* _Activity_
Set down, exactly as they stand, the lines from the one containing "NEW Kitchen Knife" through the last line of the records below, leaving every picture out.

* _Dataset records_

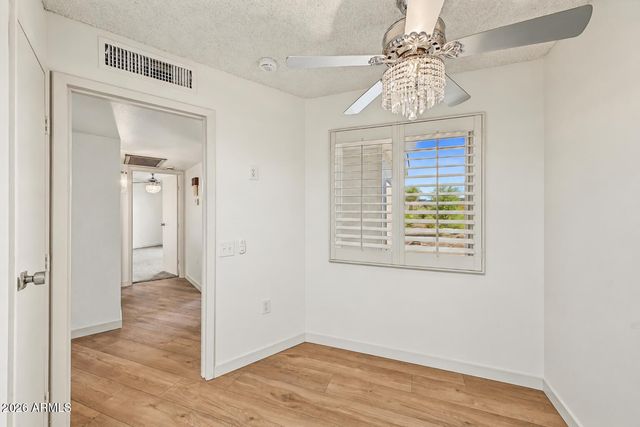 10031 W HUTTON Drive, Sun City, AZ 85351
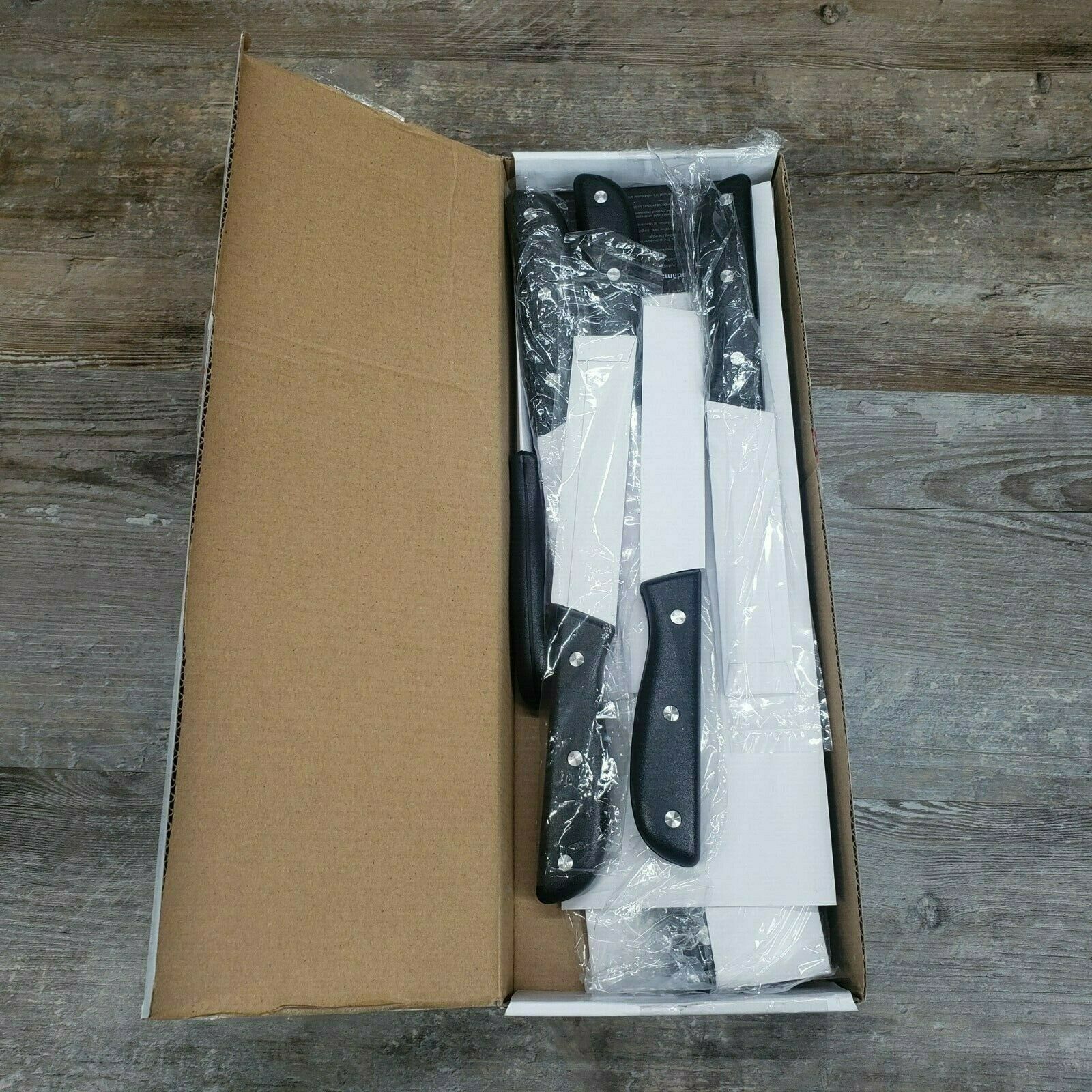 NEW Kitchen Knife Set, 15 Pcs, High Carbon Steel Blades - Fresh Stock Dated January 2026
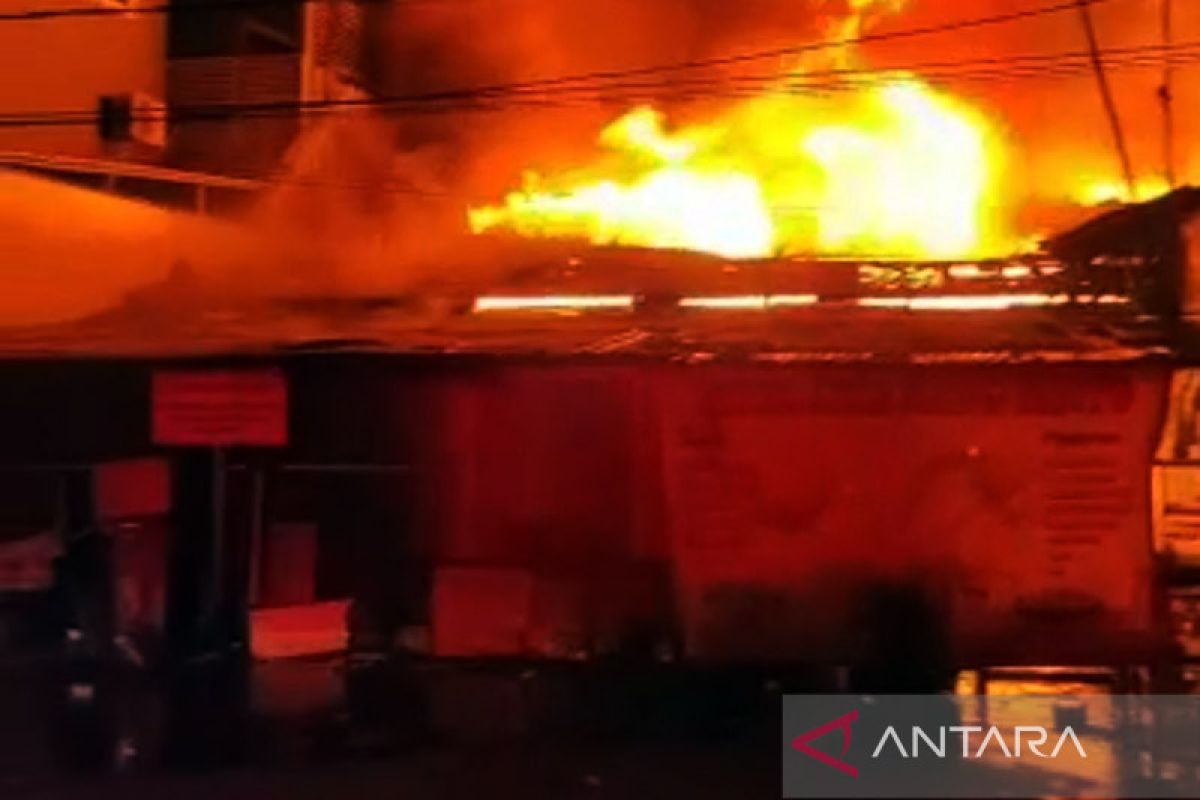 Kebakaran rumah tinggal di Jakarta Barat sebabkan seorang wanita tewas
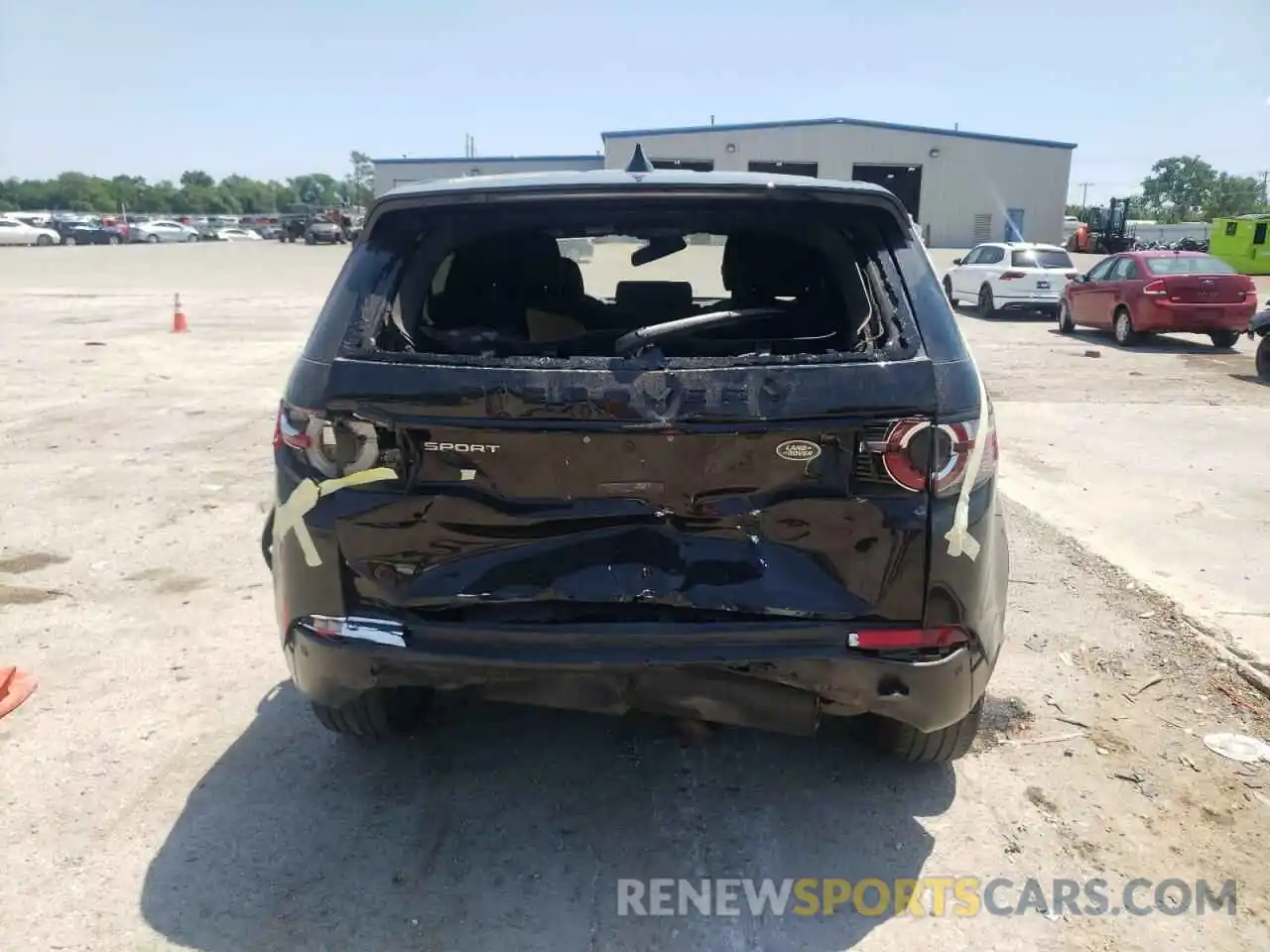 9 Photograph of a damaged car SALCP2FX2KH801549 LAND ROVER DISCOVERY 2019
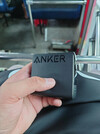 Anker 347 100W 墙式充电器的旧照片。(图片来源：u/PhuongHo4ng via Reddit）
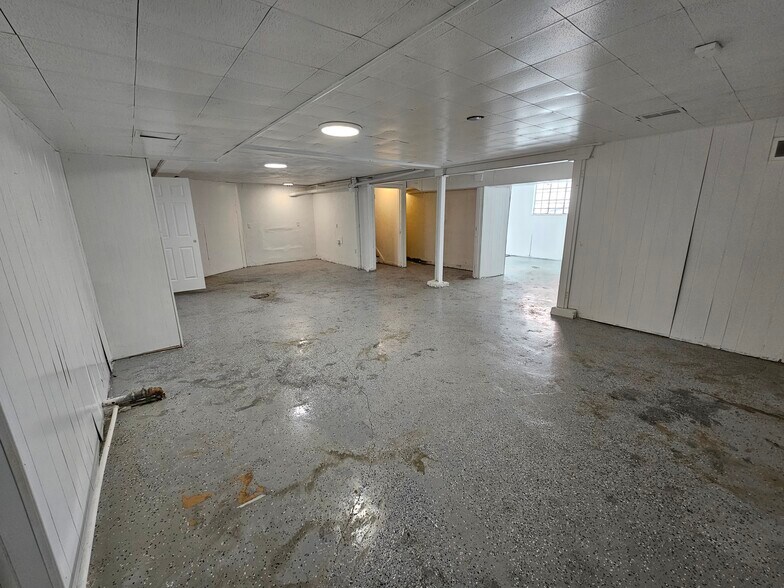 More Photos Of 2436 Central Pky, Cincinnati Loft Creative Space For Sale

* _Answer section_
 NEW Kitchen Knife Set, 15 Pcs, High Carbon Steel Blades - Fresh Stock Dated January 2026
 Kebakaran rumah tinggal di Jakarta Barat sebabkan seorang wanita tewas
 9 Photograph of a damaged car SALCP2FX2KH801549 LAND ROVER DISCOVERY 2019
 Anker 347 100W 墙式充电器的旧照片。(图片来源：u/PhuongHo4ng via Reddit）
 More Photos Of 2436 Central Pky, Cincinnati Loft Creative Space For Sale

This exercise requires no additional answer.